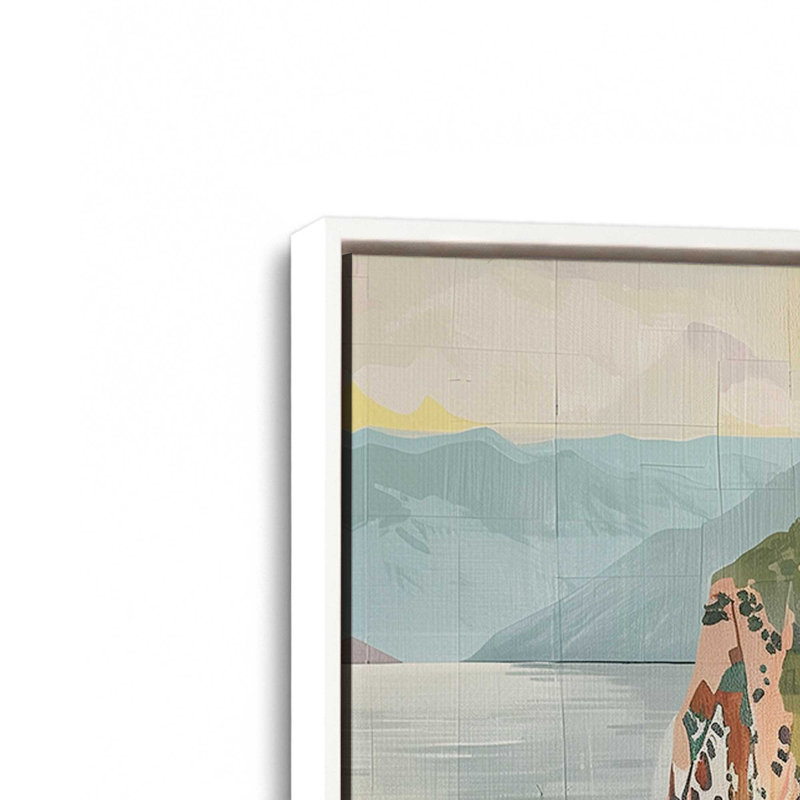 Amalfi Hillside Charm II, H 25 po x l 36 po, Cadre flottant, Blanc opaque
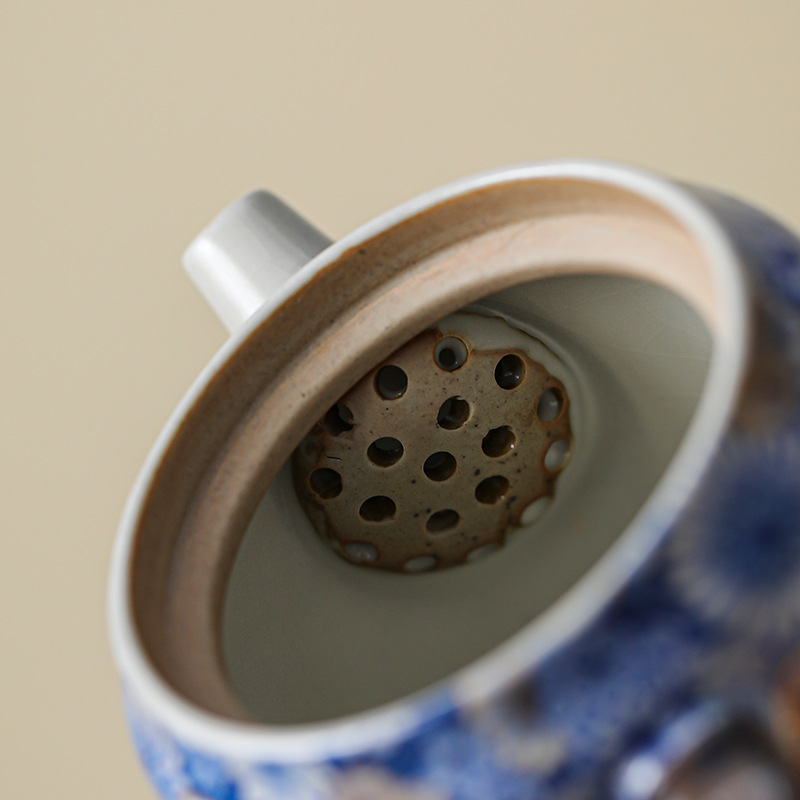 繁花青花汝窯直身茶壺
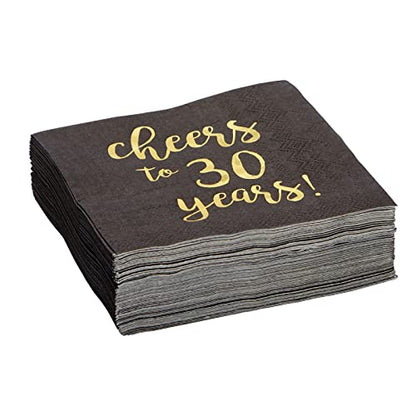 BLUE PANDA 30th Birthday Napkins - 5 x 5 in, 3-Ply, 50 Count, Black & Gold - Cheers to 30 Years Foil Print Napkins - 30th Anniversary Decorations - 30 Balloons - size: 50 Pack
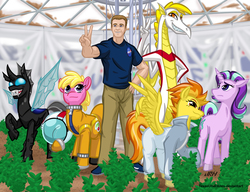 Size: 1301x1000 | Tagged: safe, artist:texasuberalles, cherry berry, spitfire, starlight glimmer, oc, oc:dragonfly (the maretian), oc:fireball (the maretian), changeling, dragon, earth pony, human, pegasus, pony, unicorn, fanfic:the maretian, g4, astronaut, changeling oc, clothes, crossover, dragon oc, fanfic, fanfic art, female, flight suit, food, grin, helmet, jacket, male, mare, mark watney, mars, peace sign, plants, pose, potato, smiling, spacesuit, the martian, tracksuit, warmup suit, wing hands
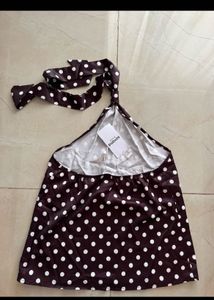 Polka dot halter neck brown top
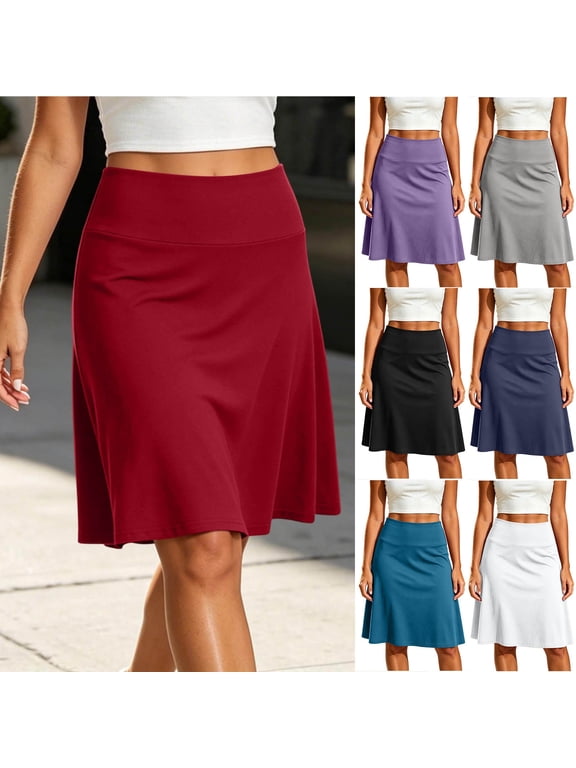 Womens Solid A-line Skirt High Waist Stretchy Casual Knee Length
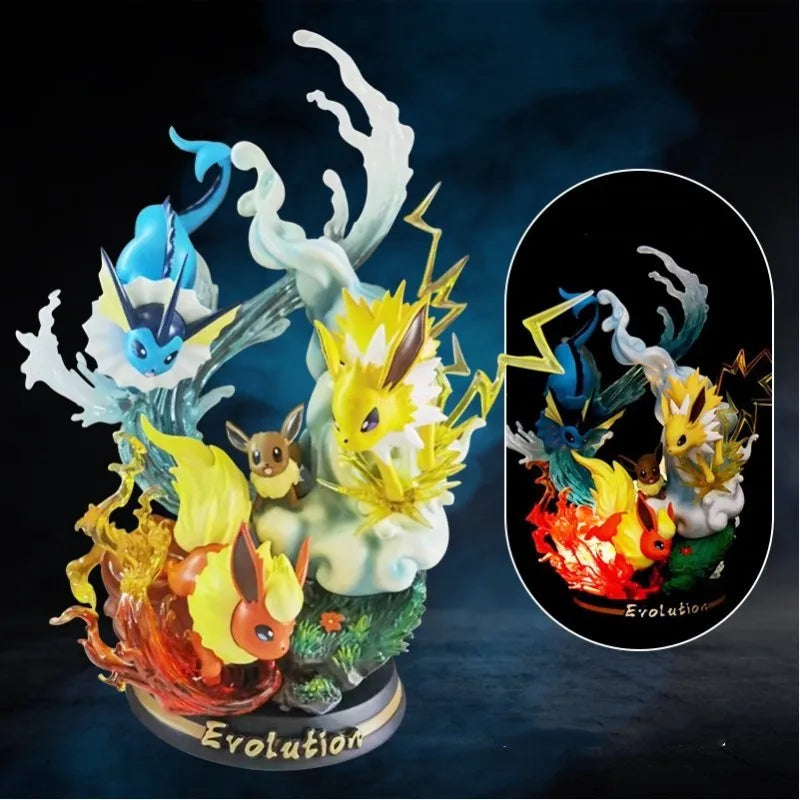New Pokemon Evolution Mewtwo Figure Charizard Dragonite Blastoise Venusaur Gengar Led Light Anime Figurine Pvc Statue Model Gift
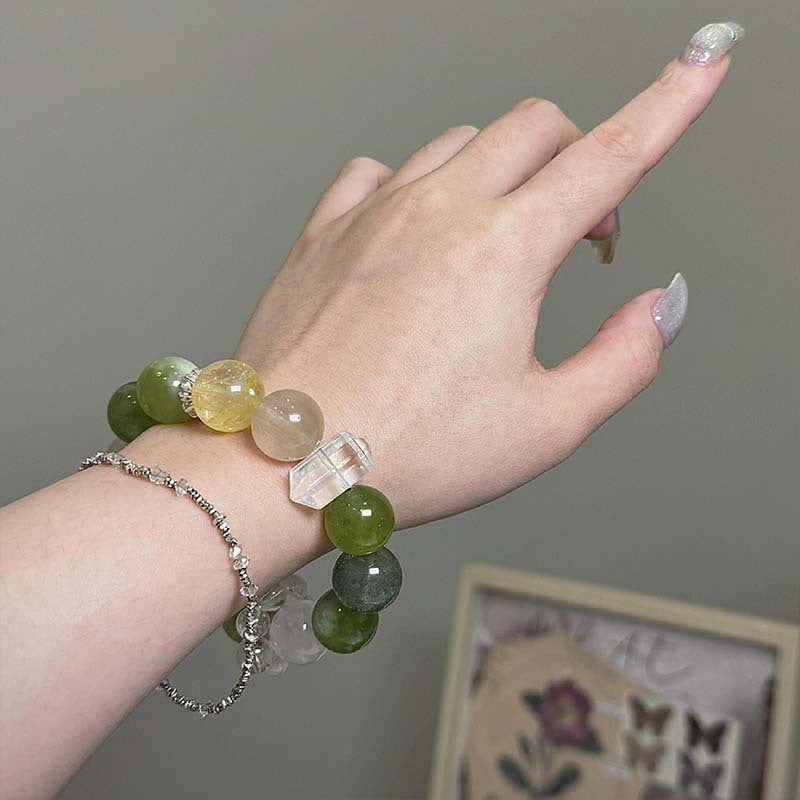 Dansenmonk Green Serpentine Jade Mixed Crystal Wealth Bracelet | Healing Manifestation Talisman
**********
• PROMPT:
Repeat the lines from the line containing "New Pokemon Evolution" through the end of the material above exactly, with no pictures and nothing else.

• RESPONSE AREA:
New Pokemon Evolution Mewtwo Figure Charizard Dragonite Blastoise Venusaur Gengar Led Light Anime Figurine Pvc Statue Model Gift
 Dansenmonk Green Serpentine Jade Mixed Crystal Wealth Bracelet | Healing Manifestation Talisman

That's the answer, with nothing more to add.